At any rate, Pat Robertson is warning that God is going to punish us because New York decided to let people marry whomever they choose:
“I think we need to remember the term sodomy came from a town known as Sodom and Sodom was destroyed by God Almighty and the thing that they practiced was homosexual activity and even they tried to rape angels who came down there, so that’s the kind of people they were,” Robertson said. God “sent an angel down there and He said to Lot and his family, ‘get out now because I’m gonna destroy this whole area.’”I can see knocking off a rapist for ravishing one of my angels, but there’s no way I would destroy an entire city —commit genocide, in fact — because the gay district threw a party. More importantly, I don’t think I could worship a God that would.

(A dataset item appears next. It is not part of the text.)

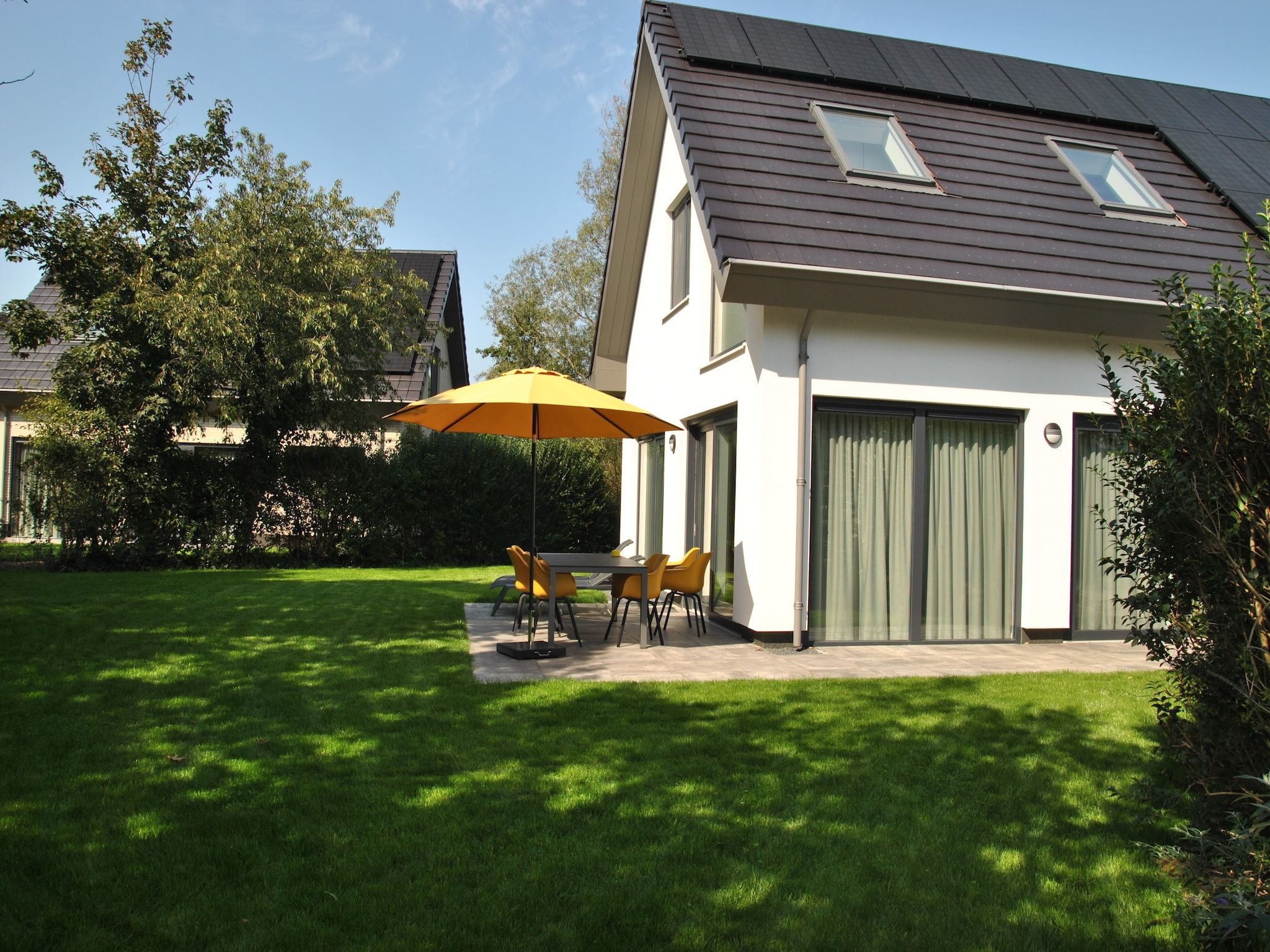 De tuin van De Koog nr 1 - 6 pers woning de luxe in De Koog Texel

Incidentally, do you know what happened to Lot and his family after they were commanded to leave Sodom? Lot’s wife turned back to look the destruction and was transformed into a pillar of salt, leaving only him and his daughters to carry on. They went into the mountains and dwelt in a cave together, and then things suddenly got really, really steamy:
“Now the firstborn said to the younger, ‘Our father is old, and there is no man on the earth to come in to us as is the custom of all the earth. Come, let us make our father drink wine, and we will lie with him, that we may preserve the lineage of our father.’ So they made their father drink wine that night. And the firstborn went in and lay with her father, and he did not know when she lay down or when she arose.The other daughter followed suit the next night, and they both eventually got pregnant. Nice, eh? An entire city perished so that Lot could boink his daughters. Traditional family values. (A sidenote: It seems highly unlikely to me that it was the daughters, and not Lot, who instigated this threesome, but then the Old Testament doesn’t like women much more than the gays.)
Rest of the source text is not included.